HOW CAN I LOWER MY BLOOD PRESSURE?

  • Limit sodium intake to <2,400 milligrams/day. Purchase low-sodium or no-sodium products and season food with herbs and spices instead of salt.
  • Maintain a normal body weight.
  • Consume moderate amounts of alcohol.
  • Exercise for ≥30 minutes most days of the week.
  • Enroll the help of a dietitian who will tailor medical nutrition therapy (MNT) to fit your needs. The Joint Commission reported in 2001 a patient who received MNT from a dietitian was able to save an estimated $900 in prescription drug costs due to a reduction in dosage.

KNOW YOUR CHOLESTEROL

Cholesterol tests check the levels of your total blood cholesterol, LDL, HDL and triglycerides.

TOTAL BLOOD CHOLESTEROL

  • Desirable: less and 200mg/dL
  • Borderline: 200-239mg/dL
  • High: 240mg/dL or higher

LDL

  • Optimal: less than 100mg/dL
  • Above Normal: 100-129mg/dL
  • Borderline:  130-159mg/dL
  • High: 160-189mg/dL
  • Very High: 190mg/dL or higher

HDL LEVEL

Less than 40mg/dL increases your risk of heart disease. An HDL level of 60mg/dL or more helps lower your risk of heart disease.

TRIGLYCERIDE LEVEL

  • Normal: less than 150mg/dL
  • Borderline: 150-199mg/dL
  • High: 200-499mg/dL
  • Very High: 500mg/dL or higher

HOW CAN I LOWER MY CHOLESTEROL?

  • Eat fruits, vegetables, whole grain and low-fat dairy products.
  • Choose foods that contain no more than 2 grams of saturated fat per serving.
  • The American Dietetic Association (ADA) endorses the DASH “Dietary Approach to Stop Hypertension” diet.
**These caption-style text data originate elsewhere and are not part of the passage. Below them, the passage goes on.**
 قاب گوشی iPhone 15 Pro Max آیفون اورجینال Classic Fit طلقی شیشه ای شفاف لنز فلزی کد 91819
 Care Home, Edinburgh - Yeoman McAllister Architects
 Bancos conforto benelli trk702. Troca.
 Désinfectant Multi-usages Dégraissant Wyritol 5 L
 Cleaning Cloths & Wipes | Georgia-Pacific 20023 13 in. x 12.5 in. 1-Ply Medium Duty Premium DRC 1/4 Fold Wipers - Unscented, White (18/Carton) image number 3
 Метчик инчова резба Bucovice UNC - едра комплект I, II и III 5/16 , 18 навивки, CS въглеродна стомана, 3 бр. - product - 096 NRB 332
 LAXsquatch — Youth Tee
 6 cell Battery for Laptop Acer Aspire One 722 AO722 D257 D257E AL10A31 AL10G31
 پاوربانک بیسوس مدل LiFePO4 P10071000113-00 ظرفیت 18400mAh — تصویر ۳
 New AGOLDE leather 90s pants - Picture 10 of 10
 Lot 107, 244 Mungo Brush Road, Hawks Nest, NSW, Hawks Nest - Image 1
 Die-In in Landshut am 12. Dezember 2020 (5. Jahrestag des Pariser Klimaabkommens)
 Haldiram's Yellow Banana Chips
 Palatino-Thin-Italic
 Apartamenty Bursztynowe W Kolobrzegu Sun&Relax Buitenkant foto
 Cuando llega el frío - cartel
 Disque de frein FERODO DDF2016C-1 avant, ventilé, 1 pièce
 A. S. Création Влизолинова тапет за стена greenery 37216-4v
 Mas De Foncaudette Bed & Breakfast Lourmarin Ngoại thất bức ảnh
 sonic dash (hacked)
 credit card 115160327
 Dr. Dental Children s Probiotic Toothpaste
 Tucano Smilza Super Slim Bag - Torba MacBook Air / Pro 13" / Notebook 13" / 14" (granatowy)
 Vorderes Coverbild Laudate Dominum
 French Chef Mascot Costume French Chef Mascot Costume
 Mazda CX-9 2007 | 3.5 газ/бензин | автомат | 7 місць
A large randomized study published in the Journal of Clinical Nutrition suggests that individuals who ate 8-10 servings of fruits and vegetables and 3 servings of dairy foods each day, along with reducing animal fat intake were able to decrease their total cholesterol by 13.7mg/dL.

KNOW YOUR WAIST SIZE

For women, a waistline greater than 35 inches and for men, a waistline greater than 40 inches indicates increased risk for weight-related problems such as overweight or obesity.

HOW CAN I LOWER MY WAIST SIZE?

  • Eat regular, balanced meals. Try filling half of your plate with vegetables, a quarter with lean meat, and a quarter with starch.
  • Snack on whole fruits, vegetables and low-fat dairy products.
  • Exercise. The USDA recommends exercising for at least 30 minutes, at moderate intensity, most days of the week.